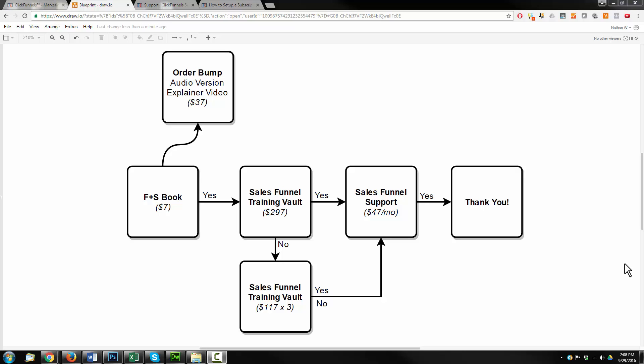Hey, it's Nathan with Crazy Eye Marketing, and in this video we're going to go ahead and build a sales funnel inside of ClickFunnels. This type of sales funnel is what I would consider a classic sales funnel, in that it's your classic upsells, downsells, etc. There's not much fancy stuff going on — no email marketing, no webinars, no product launch funnels. It's basically just an order flow.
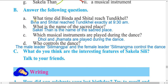Now answer the comprehension questions. Question A: What time did Binda and Sital reach? They reached exactly at 9 a.m. Question B: What is the name of the sacred place? The sacred place is called Sakila Tharn. Question C: Which musical instruments are played during the dance? Dhol and Yamata are played. Question D: Who controls the dance? The male leader Sili Mangpa and the female leader Sili Mangma control the dance.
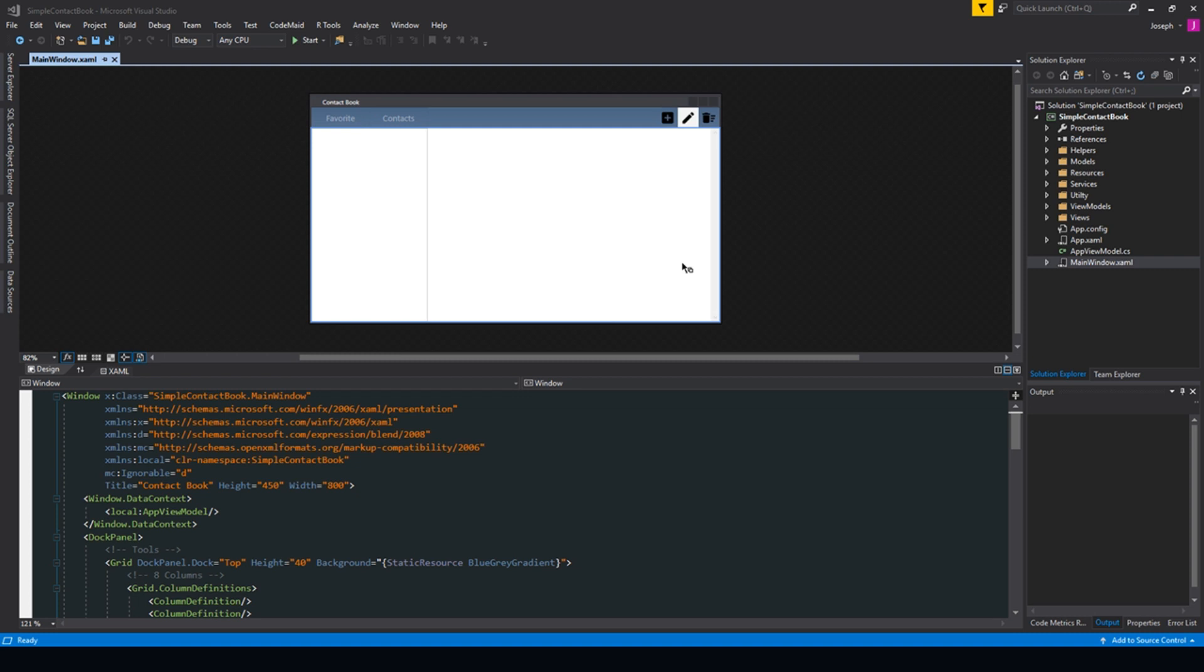After that, we just need to set up some bindings and then make our JSON contact service. So basically, and hopefully, we only have one more video in the series after this.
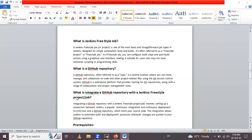Integrating a GitHub repository with a Jenkins freestyle project involves setting up a connection between Jenkins — a popular continuous integration and continuous deployment tool — and the GitHub repository which hosts your source code. This integration allows Jenkins to automate the build and deployment process whenever changes are pushed to your GitHub repository. It's a link between these two tools, enabling Jenkins to automatically perform build and deployment tasks when changes are made.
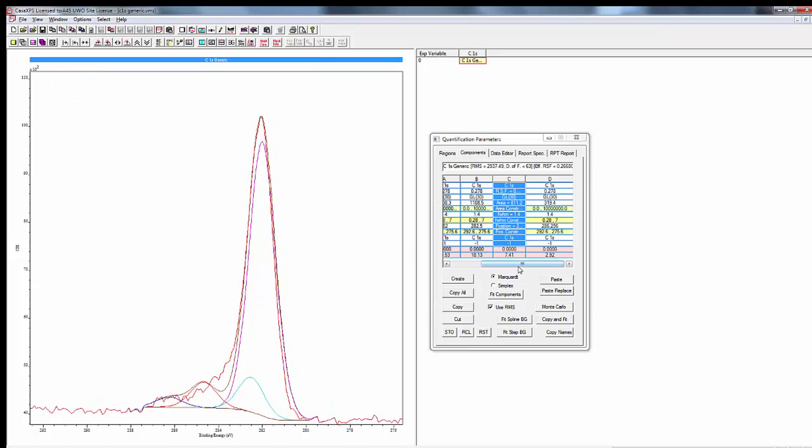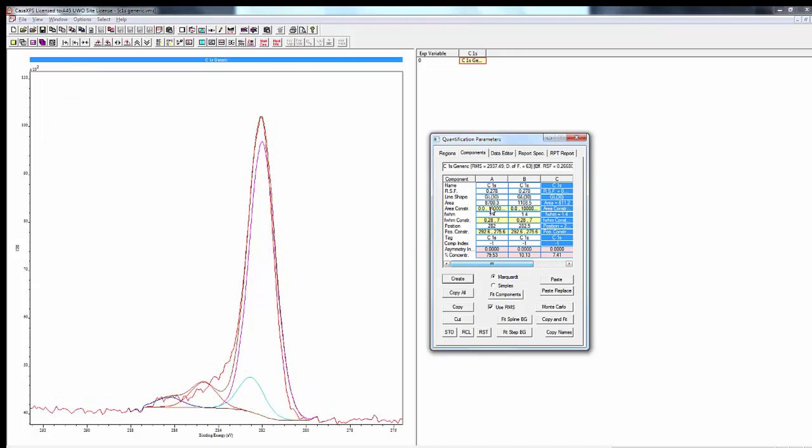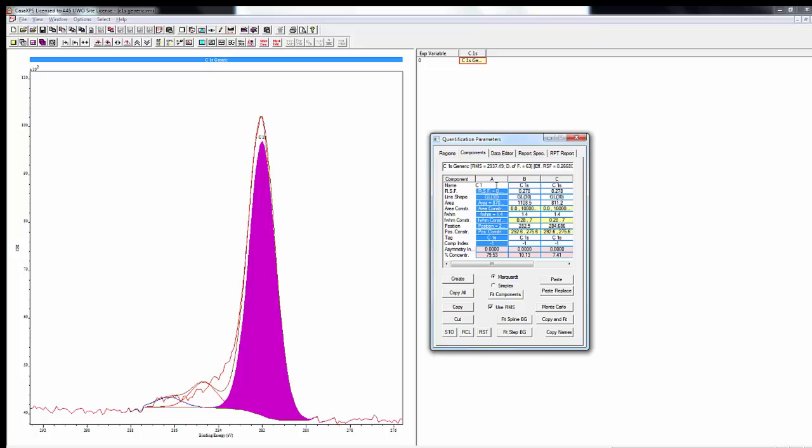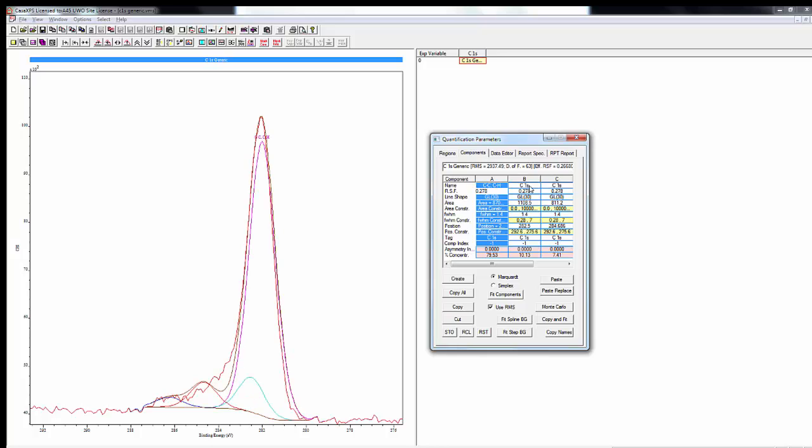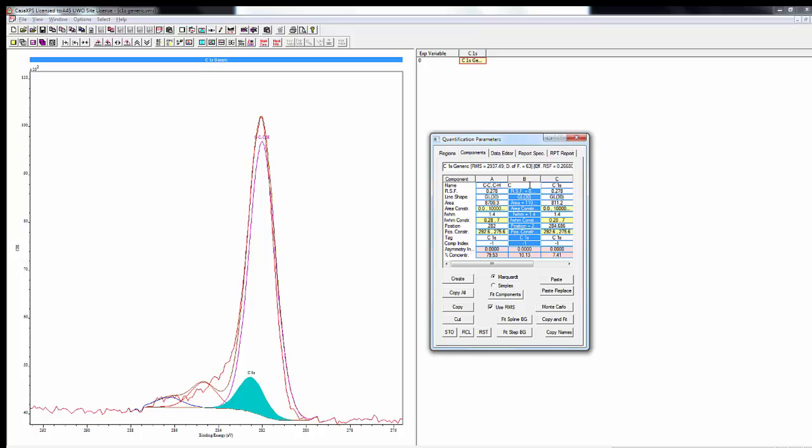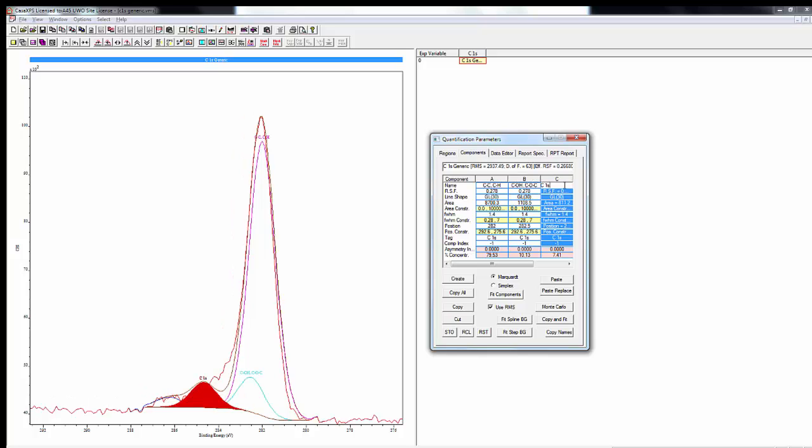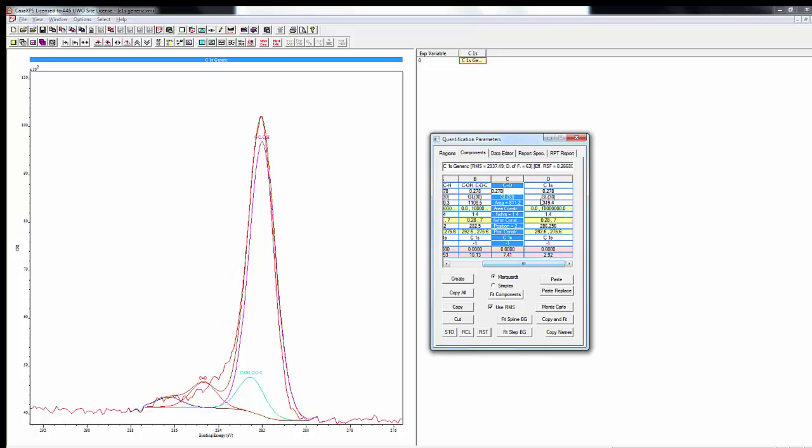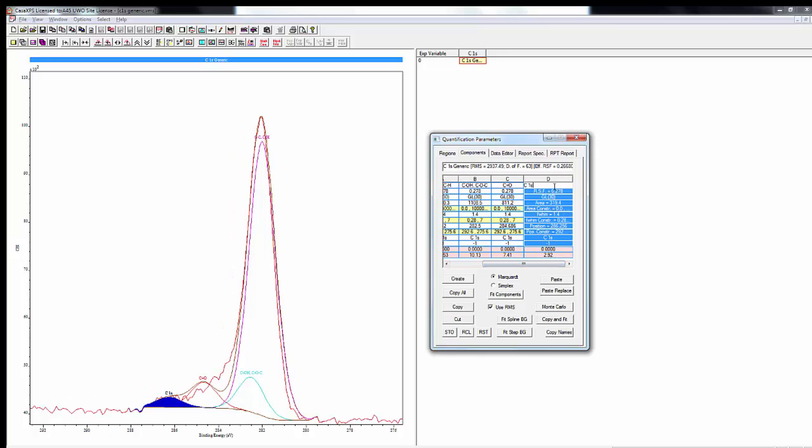The first peak will be our aliphatic component, so that's carbon bound to carbon and carbon bound to hydrogen. The second peak will be our alcohol and ether component, so carbon singly bound to oxygen. The third component will be ketones and the fourth will be esters and acid functionality.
·····
> AIM OF THE TASK:
Your answer must be the lines from the one containing "Now answer the" through the last line of the records, both included, written out exactly and without pictures.

> EXERCISE ANSWER:
Now answer the comprehension questions. Question A: What time did Binda and Sital reach? They reached exactly at 9 a.m. Question B: What is the name of the sacred place? The sacred place is called Sakila Tharn. Question C: Which musical instruments are played during the dance? Dhol and Yamata are played. Question D: Who controls the dance? The male leader Sili Mangpa and the female leader Sili Mangma control the dance.
After that, we just need to set up some bindings and then make our JSON contact service. So basically, and hopefully, we only have one more video in the series after this.
Integrating a GitHub repository with a Jenkins freestyle project involves setting up a connection between Jenkins — a popular continuous integration and continuous deployment tool — and the GitHub repository which hosts your source code. This integration allows Jenkins to automate the build and deployment process whenever changes are pushed to your GitHub repository. It's a link between these two tools, enabling Jenkins to automatically perform build and deployment tasks when changes are made.
The first peak will be our aliphatic component, so that's carbon bound to carbon and carbon bound to hydrogen. The second peak will be our alcohol and ether component, so carbon singly bound to oxygen. The third component will be ketones and the fourth will be esters and acid functionality.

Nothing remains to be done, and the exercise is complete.